### Activity
Below are the records; copy exactly the stretch from the line containing "Pfizer has also" through the line containing "You can also", both ends included, and nothing else.

### Listed records

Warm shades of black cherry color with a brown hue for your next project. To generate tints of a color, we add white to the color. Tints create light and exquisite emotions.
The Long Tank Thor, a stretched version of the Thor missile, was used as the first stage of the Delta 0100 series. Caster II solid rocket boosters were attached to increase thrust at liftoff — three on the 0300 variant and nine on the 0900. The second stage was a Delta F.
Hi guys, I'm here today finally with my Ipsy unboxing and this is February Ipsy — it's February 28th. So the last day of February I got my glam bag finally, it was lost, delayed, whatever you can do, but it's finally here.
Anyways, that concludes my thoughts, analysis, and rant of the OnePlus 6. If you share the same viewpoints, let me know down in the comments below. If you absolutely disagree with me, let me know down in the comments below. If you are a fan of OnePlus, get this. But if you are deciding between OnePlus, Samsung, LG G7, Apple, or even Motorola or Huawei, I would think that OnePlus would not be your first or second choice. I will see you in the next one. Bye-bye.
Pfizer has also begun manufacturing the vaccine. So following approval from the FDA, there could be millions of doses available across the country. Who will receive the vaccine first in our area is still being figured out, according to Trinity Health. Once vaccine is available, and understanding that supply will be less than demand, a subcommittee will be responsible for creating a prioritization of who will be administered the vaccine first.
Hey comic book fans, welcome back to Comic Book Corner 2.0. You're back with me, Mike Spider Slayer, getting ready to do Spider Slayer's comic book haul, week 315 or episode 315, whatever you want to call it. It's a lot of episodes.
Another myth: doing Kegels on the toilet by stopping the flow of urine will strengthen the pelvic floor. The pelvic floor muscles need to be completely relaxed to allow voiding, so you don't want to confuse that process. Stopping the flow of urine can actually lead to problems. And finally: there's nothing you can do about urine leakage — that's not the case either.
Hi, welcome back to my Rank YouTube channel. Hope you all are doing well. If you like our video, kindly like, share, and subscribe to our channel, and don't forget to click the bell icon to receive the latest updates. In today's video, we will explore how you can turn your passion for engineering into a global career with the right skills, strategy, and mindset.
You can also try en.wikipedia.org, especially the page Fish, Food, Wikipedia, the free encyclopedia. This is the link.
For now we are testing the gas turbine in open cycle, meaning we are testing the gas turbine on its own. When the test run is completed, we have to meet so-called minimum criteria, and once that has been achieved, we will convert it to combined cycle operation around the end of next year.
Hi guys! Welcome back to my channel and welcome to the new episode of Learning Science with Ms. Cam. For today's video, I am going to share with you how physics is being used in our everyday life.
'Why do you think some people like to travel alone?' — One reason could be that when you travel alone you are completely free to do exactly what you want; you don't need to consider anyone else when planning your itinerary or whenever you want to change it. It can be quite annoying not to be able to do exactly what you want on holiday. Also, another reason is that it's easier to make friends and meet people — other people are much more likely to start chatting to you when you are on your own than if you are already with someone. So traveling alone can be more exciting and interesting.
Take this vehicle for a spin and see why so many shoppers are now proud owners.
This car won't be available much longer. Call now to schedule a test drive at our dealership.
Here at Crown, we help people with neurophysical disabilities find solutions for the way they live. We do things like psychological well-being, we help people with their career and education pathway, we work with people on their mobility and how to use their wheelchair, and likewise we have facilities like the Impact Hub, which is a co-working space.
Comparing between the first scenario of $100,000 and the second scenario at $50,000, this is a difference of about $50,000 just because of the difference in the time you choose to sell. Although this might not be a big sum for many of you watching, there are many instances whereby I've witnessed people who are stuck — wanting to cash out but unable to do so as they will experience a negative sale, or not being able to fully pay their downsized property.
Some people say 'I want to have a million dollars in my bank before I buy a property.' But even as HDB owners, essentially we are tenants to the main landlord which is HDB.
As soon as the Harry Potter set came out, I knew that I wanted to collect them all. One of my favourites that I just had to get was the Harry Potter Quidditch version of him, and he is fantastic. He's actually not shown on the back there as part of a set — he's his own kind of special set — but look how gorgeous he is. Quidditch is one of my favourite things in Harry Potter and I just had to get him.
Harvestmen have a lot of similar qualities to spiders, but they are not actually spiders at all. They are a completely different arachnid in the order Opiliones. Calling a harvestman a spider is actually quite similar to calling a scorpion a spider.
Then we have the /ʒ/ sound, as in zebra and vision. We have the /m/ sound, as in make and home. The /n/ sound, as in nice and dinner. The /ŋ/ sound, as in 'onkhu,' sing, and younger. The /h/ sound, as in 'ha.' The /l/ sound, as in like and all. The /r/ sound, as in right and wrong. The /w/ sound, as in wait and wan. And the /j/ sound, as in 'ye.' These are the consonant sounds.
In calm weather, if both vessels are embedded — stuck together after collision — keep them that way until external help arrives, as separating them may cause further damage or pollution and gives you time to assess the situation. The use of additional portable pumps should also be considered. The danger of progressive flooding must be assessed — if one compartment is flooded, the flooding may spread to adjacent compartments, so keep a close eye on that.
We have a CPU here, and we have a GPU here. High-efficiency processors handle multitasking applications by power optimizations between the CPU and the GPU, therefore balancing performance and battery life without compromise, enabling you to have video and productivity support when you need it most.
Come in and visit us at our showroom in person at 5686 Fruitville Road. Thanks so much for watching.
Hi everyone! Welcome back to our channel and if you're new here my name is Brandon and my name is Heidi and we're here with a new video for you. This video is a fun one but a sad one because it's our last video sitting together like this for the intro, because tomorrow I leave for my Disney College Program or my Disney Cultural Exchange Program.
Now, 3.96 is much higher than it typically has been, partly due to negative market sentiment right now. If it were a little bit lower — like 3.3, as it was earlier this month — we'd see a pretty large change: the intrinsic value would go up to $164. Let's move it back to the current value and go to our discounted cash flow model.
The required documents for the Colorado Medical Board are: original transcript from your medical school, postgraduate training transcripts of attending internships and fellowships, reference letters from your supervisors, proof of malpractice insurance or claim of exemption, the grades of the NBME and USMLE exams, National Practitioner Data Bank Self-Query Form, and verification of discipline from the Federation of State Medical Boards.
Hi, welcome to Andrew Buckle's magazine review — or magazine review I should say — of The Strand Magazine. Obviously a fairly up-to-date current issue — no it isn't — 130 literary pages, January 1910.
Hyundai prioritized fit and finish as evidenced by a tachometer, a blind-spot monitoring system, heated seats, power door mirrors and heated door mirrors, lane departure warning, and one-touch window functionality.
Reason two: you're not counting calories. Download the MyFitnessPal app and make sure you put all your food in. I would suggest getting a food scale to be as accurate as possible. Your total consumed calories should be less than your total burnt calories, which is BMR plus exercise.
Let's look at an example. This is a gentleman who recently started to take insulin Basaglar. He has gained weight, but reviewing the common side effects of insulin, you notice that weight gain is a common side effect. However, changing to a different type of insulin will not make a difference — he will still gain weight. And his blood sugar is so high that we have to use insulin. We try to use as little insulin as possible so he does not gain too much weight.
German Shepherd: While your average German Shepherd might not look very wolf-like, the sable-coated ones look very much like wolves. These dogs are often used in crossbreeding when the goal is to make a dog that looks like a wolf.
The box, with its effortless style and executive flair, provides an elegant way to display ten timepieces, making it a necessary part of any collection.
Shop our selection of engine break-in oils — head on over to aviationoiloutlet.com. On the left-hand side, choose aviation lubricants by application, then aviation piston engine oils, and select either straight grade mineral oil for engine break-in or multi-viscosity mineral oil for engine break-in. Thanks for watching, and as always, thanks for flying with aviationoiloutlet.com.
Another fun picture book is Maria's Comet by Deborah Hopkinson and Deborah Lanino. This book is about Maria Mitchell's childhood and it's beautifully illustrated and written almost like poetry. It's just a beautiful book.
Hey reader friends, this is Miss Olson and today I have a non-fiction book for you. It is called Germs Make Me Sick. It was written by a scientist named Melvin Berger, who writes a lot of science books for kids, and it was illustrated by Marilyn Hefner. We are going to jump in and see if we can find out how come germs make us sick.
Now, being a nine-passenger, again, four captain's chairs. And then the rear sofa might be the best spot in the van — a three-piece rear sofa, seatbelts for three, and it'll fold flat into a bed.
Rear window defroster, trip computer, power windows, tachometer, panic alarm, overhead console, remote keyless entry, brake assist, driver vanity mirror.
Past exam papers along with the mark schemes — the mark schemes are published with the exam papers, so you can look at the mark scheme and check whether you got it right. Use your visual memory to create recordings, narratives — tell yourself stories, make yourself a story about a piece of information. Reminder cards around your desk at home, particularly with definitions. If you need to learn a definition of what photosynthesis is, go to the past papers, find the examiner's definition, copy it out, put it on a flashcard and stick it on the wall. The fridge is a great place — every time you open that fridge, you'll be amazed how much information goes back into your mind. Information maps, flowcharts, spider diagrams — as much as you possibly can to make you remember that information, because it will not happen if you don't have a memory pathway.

### Worked solution
Pfizer has also begun manufacturing the vaccine. So following approval from the FDA, there could be millions of doses available across the country. Who will receive the vaccine first in our area is still being figured out, according to Trinity Health. Once vaccine is available, and understanding that supply will be less than demand, a subcommittee will be responsible for creating a prioritization of who will be administered the vaccine first.
Hey comic book fans, welcome back to Comic Book Corner 2.0. You're back with me, Mike Spider Slayer, getting ready to do Spider Slayer's comic book haul, week 315 or episode 315, whatever you want to call it. It's a lot of episodes.
Another myth: doing Kegels on the toilet by stopping the flow of urine will strengthen the pelvic floor. The pelvic floor muscles need to be completely relaxed to allow voiding, so you don't want to confuse that process. Stopping the flow of urine can actually lead to problems. And finally: there's nothing you can do about urine leakage — that's not the case either.
Hi, welcome back to my Rank YouTube channel. Hope you all are doing well. If you like our video, kindly like, share, and subscribe to our channel, and don't forget to click the bell icon to receive the latest updates. In today's video, we will explore how you can turn your passion for engineering into a global career with the right skills, strategy, and mindset.
You can also try en.wikipedia.org, especially the page Fish, Food, Wikipedia, the free encyclopedia. This is the link.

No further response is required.